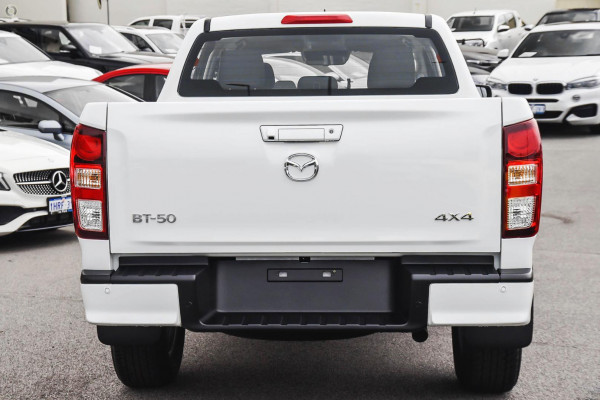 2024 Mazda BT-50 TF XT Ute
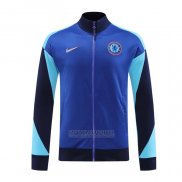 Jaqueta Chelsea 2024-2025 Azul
==
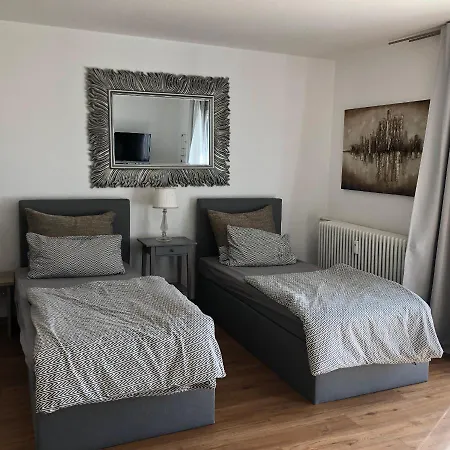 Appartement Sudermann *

• PROBLEM
For this exercise, please set down exactly the lines of the listing above from the line with "2024 Mazda BT-50 TF XT Ute" up to and including the line with "Jaqueta Chelsea 2024-2025 Azul", and no pictures.

• RESPONSE TO THIS EXERCISE
 2024 Mazda BT-50 TF XT Ute
 Jaqueta Chelsea 2024-2025 Azul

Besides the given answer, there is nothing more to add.